→ EXERCISE PROMPT:
The material below holds the lines to copy: from the one with "ANYA HINDMARCH 블랙 스웨터 L" up to and including the one with "RAM 3500 Tradesman 4x4 Crew Cab 8' Box 2022". Copy them exactly and skip the pictures.

→ RECORDS SHOWN:
-- Opening Marker --
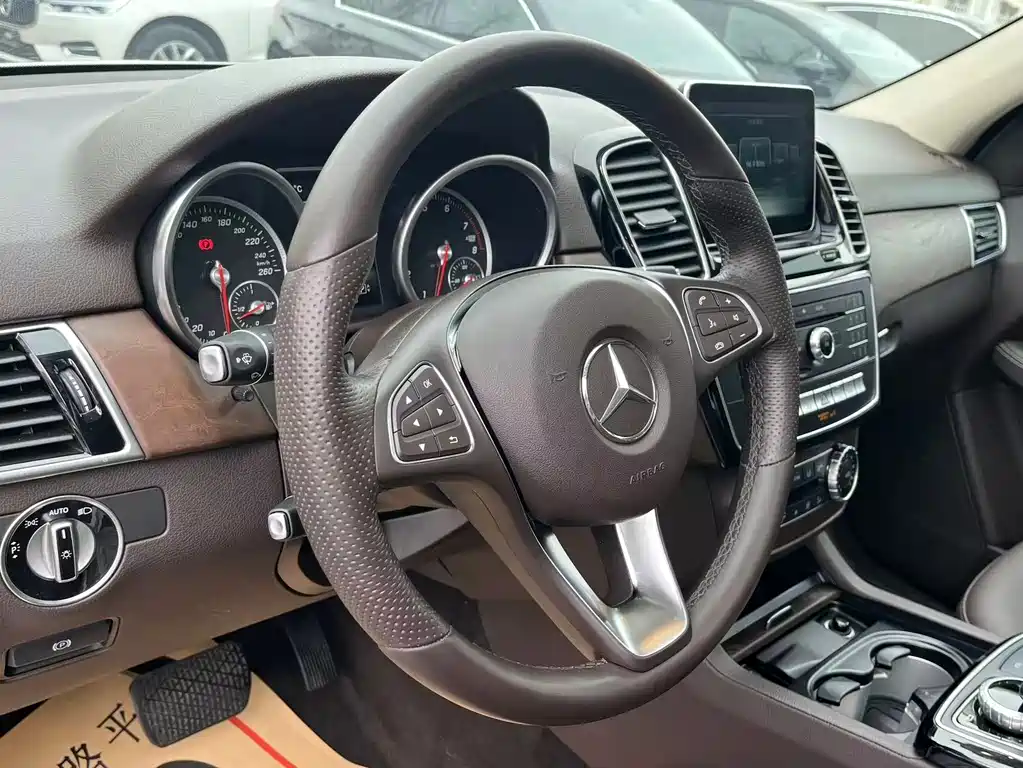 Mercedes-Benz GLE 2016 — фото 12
-- Closing Marker --
-- Opening Marker --
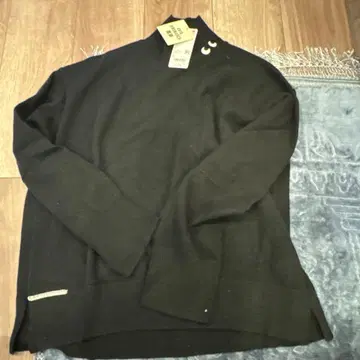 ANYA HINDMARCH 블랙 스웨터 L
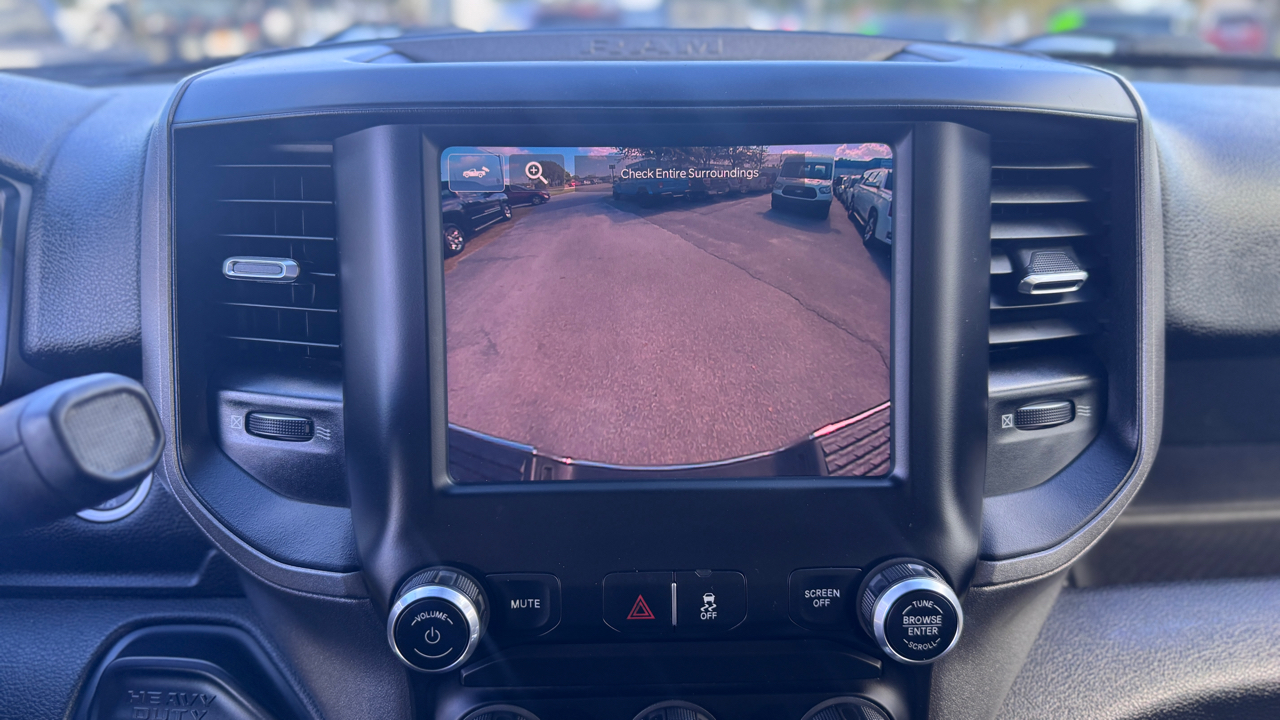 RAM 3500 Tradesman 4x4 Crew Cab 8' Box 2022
-- Closing Marker --
→ ANSWER SECTION:
 ANYA HINDMARCH 블랙 스웨터 L
 RAM 3500 Tradesman 4x4 Crew Cab 8' Box 2022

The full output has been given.